Troca de Olhares


As Meninas - Velasquez

De fato estou de frente para um quadro, um quadro um tanto quanto incógnito, mesmo com toda a sua fama, ainda não consigo compreendê-lo, é como se fizesse questão de se esconder através daquelas pessoas, espaço e luzes.

No centro da obra, bem na frente, uma pequena e loira garota é iluminada pela luz vinda da janela. Sua pele de tão alva quase é anulada pela luz. De corpo fino, magro e modelado pelo seu vestido de grande saia rodada. Porém, a menina não parece de fato estar lá.

Tem um olhar distante. Sua postura a coloca em posição hierárquica superior as duas garotas ao seu lado, menos atraentes, morenas e com vestidos rodados, mas visivelmente mais simples. Contudo não é possível afirmar se temos duas boas amigas ou apenas duas criadas. Nem mesmo se ambas estão falando algo com a menina do vestido amarelo, ou se estão apenas cochichando sobre ela.

Ela que parece não se preocupar com nada ao redor. Uma mão permanece, delicadamente em seu vestido, como na tentativa de se mostrar tranquila e disciplinada, enquanto a outra é tomada pela garota do seu lado direito.

O olhar. Um olhar infantil, curioso e inquieto. Seu corpo e postura podem até estarem prontos para uma pintura, contudo, seu olhar parece querer saber o que acontece do lado de fora daquele espaço.
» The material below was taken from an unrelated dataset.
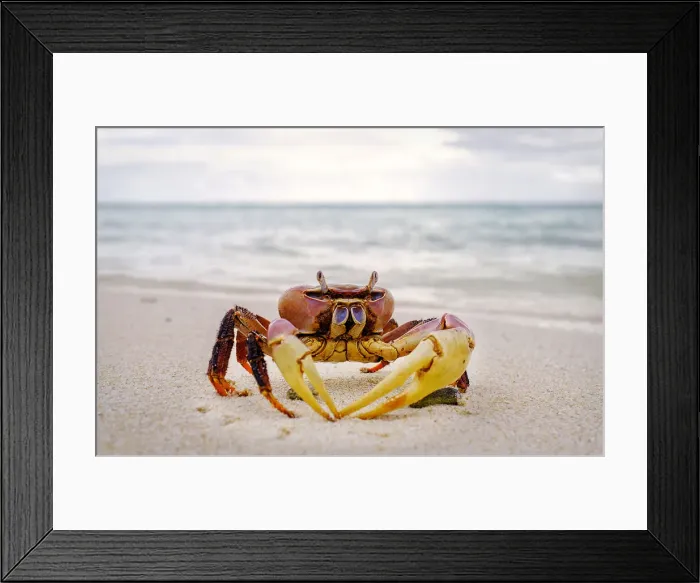 Framed Print : Red crab, Cocos (Keeling) Islands, Indian Ocean, Asia Framed Print : Red crab, Cocos (Keeling) Islands, Indian Ocean, Asia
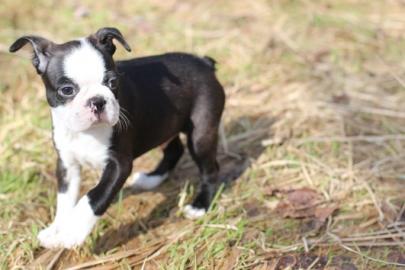 Wundersch�ner Boston Terrier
Quase faz todo o seu pequeno corpo inclinar para sua esquerda.
Pelo menos oito pessoas e um cachorro dividem o espaço com a menina dos cabelos dourados e olhos espertos, mas não parecem ser suficientes para sua distração, o lado de cá parece muito mais interessante. Será? Será que ela me vê?

O pintor costuma ser o mais admirado, apesar de não ter luz iluminando-o e estar mais no canto e atrás da pequena garota. Talvez por seu olhar vago, ou por ser ele o dono da obra. Um pintor com aparência mais de mosqueteiro do que qualquer outro artista já visto. Mas não consigo, sempre retorno a garota.

Não só ela me encara com constância como a garota do seu lado esquerdo também parece curiosa em descobrir o que sua amiga/senhora esta observando. O que tanto ela olha que impede de se comunicar com os de dentro?

Sinto, a qualquer momento ela largará tudo e sairá correndo, na tentativa de encontrar algo além dali. Paro de olhar, bate um medo, vai que trocamos de lado? Ou, será eu a observada?

1 Comentários

  1. Texto excelente! E a ideia é verdadeira, pois a aparente calmaria da arte torna-se uma tempestade em mentes inteligentes. Este é o "poder da arte".